In India, the framework of laws that protect competition in the relevant market is the Competition Act, 2002. With respect to this case ~ National Association of India v. Zomato Limited and Bundl Technologies Private Limited; the anti-competitive practices in question are- abuse of dominant position, predatory pricing and entering into anti-competitive agreements. These are explained briefly hereunder:
- Abuse of dominant position~ when a business or enterprise who is in a position of strength in the relevant market having demeanor of ensuring elimination of a competitor or discourage future entry of new competitors; thus preventing competition substantially, is known to be abusing their dominant position.
- Predatory pricing~ predatory pricing refers to a strategy, where an enterprise sets low costs of its goods or services which other enterprise cannot compete with; resulting in elimination of competitors from the market.
- Entering into anti-competitive agreements ~ Anti-competitive agreements refers to agreements that ‘prevent, restrict or distort’ competitions. The Competition Act, 2002 prohibits entering into anti-competitive agreements under chapter ii of the Act. Some examples of anti-competitive agreements are- price fixing, bid rigging, production control.

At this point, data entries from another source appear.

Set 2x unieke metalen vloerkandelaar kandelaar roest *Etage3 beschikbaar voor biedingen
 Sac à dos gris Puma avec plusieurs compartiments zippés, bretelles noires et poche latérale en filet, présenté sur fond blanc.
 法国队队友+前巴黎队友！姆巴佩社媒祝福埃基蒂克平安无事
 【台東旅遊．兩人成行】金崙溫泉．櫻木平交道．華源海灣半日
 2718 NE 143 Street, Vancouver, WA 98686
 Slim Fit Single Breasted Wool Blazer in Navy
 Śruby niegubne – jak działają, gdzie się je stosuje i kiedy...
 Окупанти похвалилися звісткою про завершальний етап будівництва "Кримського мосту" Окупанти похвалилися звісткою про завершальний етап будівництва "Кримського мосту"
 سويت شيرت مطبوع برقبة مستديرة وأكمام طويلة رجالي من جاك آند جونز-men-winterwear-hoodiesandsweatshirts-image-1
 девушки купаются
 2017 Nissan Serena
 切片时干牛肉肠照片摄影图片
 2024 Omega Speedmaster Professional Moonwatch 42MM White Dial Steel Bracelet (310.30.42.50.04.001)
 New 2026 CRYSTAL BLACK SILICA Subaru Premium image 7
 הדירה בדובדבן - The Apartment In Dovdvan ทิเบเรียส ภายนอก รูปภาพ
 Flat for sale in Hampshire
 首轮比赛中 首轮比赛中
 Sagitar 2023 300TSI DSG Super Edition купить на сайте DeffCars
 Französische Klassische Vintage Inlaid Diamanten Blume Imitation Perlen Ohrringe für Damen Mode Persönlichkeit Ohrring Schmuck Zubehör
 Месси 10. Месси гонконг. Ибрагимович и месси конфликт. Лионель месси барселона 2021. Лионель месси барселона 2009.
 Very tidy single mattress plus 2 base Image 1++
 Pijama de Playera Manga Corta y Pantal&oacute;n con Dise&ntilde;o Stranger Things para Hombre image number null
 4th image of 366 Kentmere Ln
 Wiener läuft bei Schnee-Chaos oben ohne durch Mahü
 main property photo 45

The Competition Commission of India being satisfied with some of the accusations of NRAI; filed under section 3(1) [read with section 3(4)] of the Competition Act, 2002 have directed the Director General to duly investigate as per section 26(1) of the Act. The Director General must submit such report within 60 days of receiving such order. One of the aggregator- Zomato showing its positive intentions have said that they will “promptly comply” with the decisions of the Competition Commission of India.